Un sogno che si è realizzato solo a metà, perché il direttore generale – anch’esso da nominare – verrà scelto con una “call”, cioè una selezione basata sul curriculum dei candidati. Ma per il presidente è di nomina politica, il primo passaggio è la segnalazione di un nome da parte del ministero della Funzione pubblica, cioè Renato Brunetta, poi inizia un iter procedurale che si conclude con la firma del presidente della Repubblica e l’approvazione della Corte dei conti. Dal ministero non commentano, ma sembra che il candidato di Brunetta sia il professor Carlo Andrea Bollino, oggi presidente del Gestore del Sistema Elettrico, ordinario e preside di corso di laurea all’università di Perugia. Rocco Tritto, del sindacato Usi-Rdb (lavoratori della ricerca) pensa che oltre a Bollino ci sia rimasto un solo altro nome plausibile, quello dell’economista Fiorella Kostoris, che ha già guidato l’Isae (ente di ricerca legato al Tesoro),la quale sarebbe sostenuta da Giulio Tremonti. Ma c’è chi dice che i rapporti tra il ministro dell’Economia e la professoressa della Sapienza – che pure ha le credenziali accademiche giuste – non siano tali da giustificare l’ipotesi.

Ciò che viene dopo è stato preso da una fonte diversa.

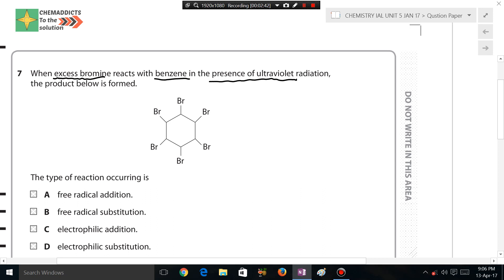But here we have a different scenario. Let's study the reaction mechanism and review the conditions for the reaction of benzene — how benzene behaves when it reacts with something. The question asks: when excess bromine reacts with benzene in the presence of UV radiation, what type of reaction is occurring? Before answering, let's review some key things. We all know that benzene generally favors substitution reaction over addition reaction.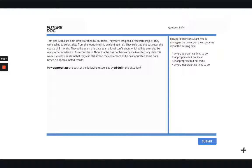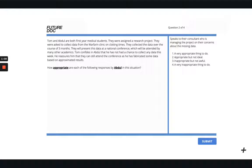Question two. Question three. Last question.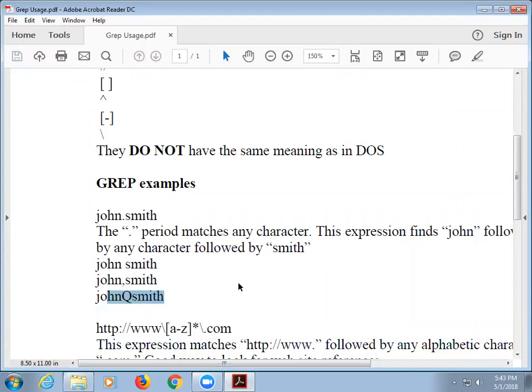I'm going to show you a demo how to do this. If I type John period Smith, the period would tell GREP to replace the period with anything or nothing — one character.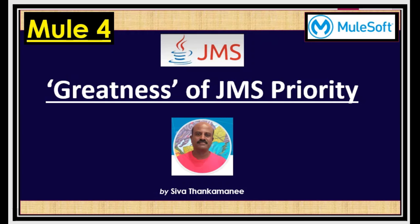Hi friends, welcome back to Mule 4 series of learning videos. I am Siva Thankamanse, an integration technical architect.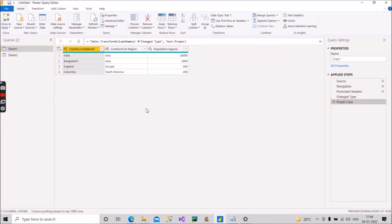That's why I wanted to come up with this scenario — it will be very helpful for many of you watching this video. This is very helpful because if you have many columns in your table and you have to apply proper case to every column header individually, that is a very tedious task. But if you do it this way by adding one step in M Query, then everything is sorted and done in a very efficient way.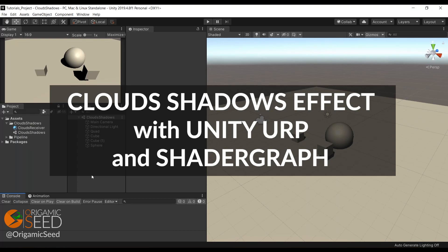Hey everyone and welcome to this little tutorial. Today we'll simulate cloud shadows with Unity URP and the shader graph.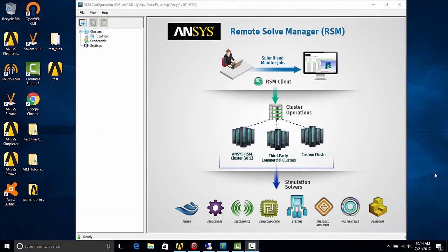Hello, this is a quick setup guide for ANSYS Remote Solve Manager or RSM version 18.1 for a mechanical solve to a single remote computer.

Altre fonti interne all’Istat confermano: «È tutto aperto, i candidati con un profilo accademico più tipicamente statistico sono ancora tutti in corsa, da Enrico Giovannini dell’Ocse a Giovanni Girone dell’università di Bari». Giovannini sarebbe la scelta ideale se il governo cercasse uno statistico di prestigio internazionale, lasciando Parigi per Roma il professore avrebbe anche una cattedra che lo aspetta a Tor Vergata. Ma la carica di presidente dell’Istat avrà un ruolo politicamente sensibile (anche più del solito) nei prossimi mesi e non sarà solo il curriculum a determinare la scelta. Spetterà all’Istat definire, infatti, il successo o il fallimento dell’approccio dell’esecutivo alla crisi economica, individuare il momento della ripresa, stimare l’impatto della recessione sul sistema economico. «Il vero discrimine è se vogliono qualcuno con la schiena dritta o qualcuno più collaborativo», dice una persona interessata al dossier.
Biggeri lascia l’Istat dopo otto anni che hanno visto cambiare quattro presidenti del Consiglio, la lira diventare euro, il dibattito sul declino italiano lasciare spazio a quello sulla fine del capitalismo, un censimento nel 2001 con le successive polemiche sui dati (soprattutto nel Lazio). «La presidenza dell’Istat non dovrebbe essere di nomina politica, al massimo dovrebbe spettare al presidente della Repubblica», sostiene Michele Ainis, che insegna diritto pubblico a Roma Tre. Quando ha scritto sulla Stampa un pezzo dal titolo “L’Istat? Meglio l’orscopo” ha ricevuto decine di mail dai dipendenti dell’istituto che si dicevano d’accordo con le critiche. Il successore di Biggeri erediterà un Istat che soffre la concorrenza dell’Isae (a cui il governo ha affidato il compito di calcolare la nuova versione dell’inflazione programmata), la scarsità di risorse che spinge a ricorrere sempre più alle interviste telefoniche (giudicate poco rappresentative e non sufficienti) e alle prese con la procura della Corte dei conti. L’Istat di Biggeri non ha riscosso quasi mai le sanzioni comminate a chi non completa i questionari obbligatori, poi il governo Prodi ha cambiato la legge per fare un cosiddetto “condono statistico”, ma la Corte dei conti si è mossa lamentando un danno per lo Stato di 191 milioni di euro. L’udienza è il 12 ottobre, e Biggeri dovrà risponderne anche se non sarà più in carica. E le cose potrebbero complicarsi: se verrà sollevata una questione di legittimità costituzionale il caso finirà davanti alla Consulta.